College textbook prices nationwide have increased at nearly four times the rate of inflation over the past 11 years, according to a study released last month by a public interest research group.

The second annual edition of “Ripoff 101” was released by the U.S. Public Interest Research Group Higher Education Project. The study surveyed the most widely purchased textbooks at 59 colleges and universities across the country.

The expanded survey uncovered more evidence that textbook prices are a significant part of college costs, textbook prices are rising at a fast pace and publishers use a variety of tactics to inflate the cost of textbooks.

As higher education costs continue to skyrocket for American students and families, the price of college textbooks represents a serious part of the affordability equation, the study concluded. It found that the average student will spend nearly $900 each year purchasing textbooks.

The most commonly purchased textbooks on college campuses have new editions published every three years, on average.

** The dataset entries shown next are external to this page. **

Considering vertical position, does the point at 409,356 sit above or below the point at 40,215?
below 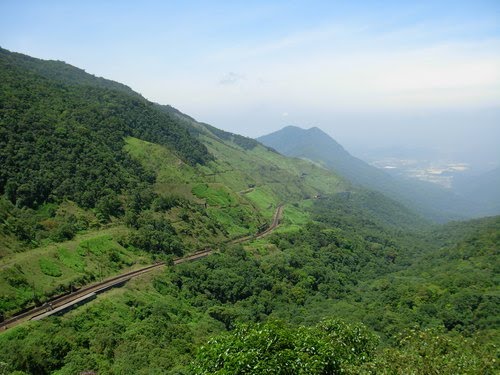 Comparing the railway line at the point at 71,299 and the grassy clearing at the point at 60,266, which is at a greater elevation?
the grassy clearing at the point at 60,266

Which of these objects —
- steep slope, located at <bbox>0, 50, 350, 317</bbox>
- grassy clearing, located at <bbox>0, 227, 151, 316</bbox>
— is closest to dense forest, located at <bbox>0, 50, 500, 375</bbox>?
grassy clearing, located at <bbox>0, 227, 151, 316</bbox>

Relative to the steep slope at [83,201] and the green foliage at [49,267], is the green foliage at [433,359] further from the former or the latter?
the green foliage at [49,267]

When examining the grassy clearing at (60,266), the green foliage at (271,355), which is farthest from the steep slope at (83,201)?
the green foliage at (271,355)

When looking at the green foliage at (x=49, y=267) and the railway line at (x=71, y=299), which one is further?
the green foliage at (x=49, y=267)

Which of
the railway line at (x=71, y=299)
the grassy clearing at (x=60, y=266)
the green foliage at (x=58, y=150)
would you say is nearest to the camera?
the railway line at (x=71, y=299)

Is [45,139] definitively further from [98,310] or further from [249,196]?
[249,196]

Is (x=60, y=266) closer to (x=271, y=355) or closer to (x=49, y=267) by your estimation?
(x=49, y=267)

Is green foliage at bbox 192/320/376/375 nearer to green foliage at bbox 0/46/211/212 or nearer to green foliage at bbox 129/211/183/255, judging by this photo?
green foliage at bbox 129/211/183/255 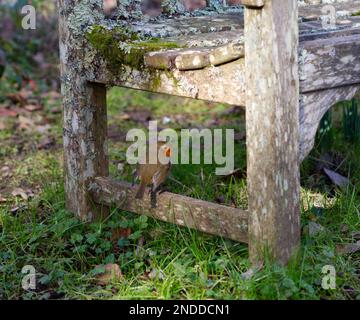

New editions of the textbooks surveyed cost, on average, 45 percent more than used copies of the previous edition.

Of the textbooks surveyed, new textbook prices jumped 12 percent between the previous and current editions.

Economics Department Chair Jim Albrecht agreed that publishers have total control over what they offer universities in terms of updated texts.

“Some of my colleagues complain about the rate of increase in textbook prices, and I think some consider price when they decide on required texts,” he said. “I think that most faculty go for the `best’ text irrespective of price and that publishers are therefore in a good monopoly position vis-a-vis their customers.”

Publishers also sell their textbooks “bundled,” or shrink-wrapped with additional instructional material such as CD-ROMs and workbooks, which tends to increase the price of the textbook by an average of 10 percent, according to the study.

Additionally, 50 percent of all bundled books surveyed did not have an accompanying unbundled version on the shelf.

Sixty-five percent of the faculty surveyed in the report said that they used the bundled items “rarely” or “never.”

The survey also found that American students pay more for their textbooks than overseas students would pay for the same textbook. The average textbook surveyed cost 20 percent more in the United States than it did in the United Kingdom.

For example, according to Thompson Learning’s Web site, all books found in the survey cost an average of 72 percent more than in the U.S. than in the U.K., Africa and the Middle East.

Several state-based public interest research groups have called on the publishing industry to adopt policies that would ensure that publishers keep production and pricing costs as low as possible while maintaining educational value.

In Jan. 2004, after the first “Ripoff 101” study was released by the U.S. PIRG, many students, faculty and lawmakers asked the publishing industry to adopt these recommendations formally into their business practices. State PIRGs have asked the Association of American Publishers to issues recommendations to its member companies. To date, the AAP has refused to issue such recommendations, according to the PIRGs.

“This report shows that publishers use needless new editions and gimmicks to drive up the cost of textbooks,” Luke Swarthout, state PIRG higher education associate, said. “The losers in this scam are students who will have a harder time paying for college.”

Some Georgetown students agreed that publishers are using exorbitantly high textbook prices to take advantage of students.

“It’s a rip-off,” Caitlin O’Connell (COL ’05) said. “Most of these books are republished each year, and although it requires a lot of extra work on my part, it makes more sense to search online and find a previous edition for a lower price.”

Several Georgetown faculty have also voiced their concern about increasing textbook prices.

Jonathan Heathcote, assistant professor of economics, said he was concerned with the fact that publishers change little to nothing in new editions of textbooks.

“The minor changes between editions do not justify the high cost of new textbooks,” he said.

Additionally, Heathcote said that faculty should start indicating that old editions of textbooks are acceptable for their courses so that students can access the second-hand market.

“Publishers make large profits on the books they sell, which is why their sales reps work so hard to encourage faculty to adopt their books,” he said.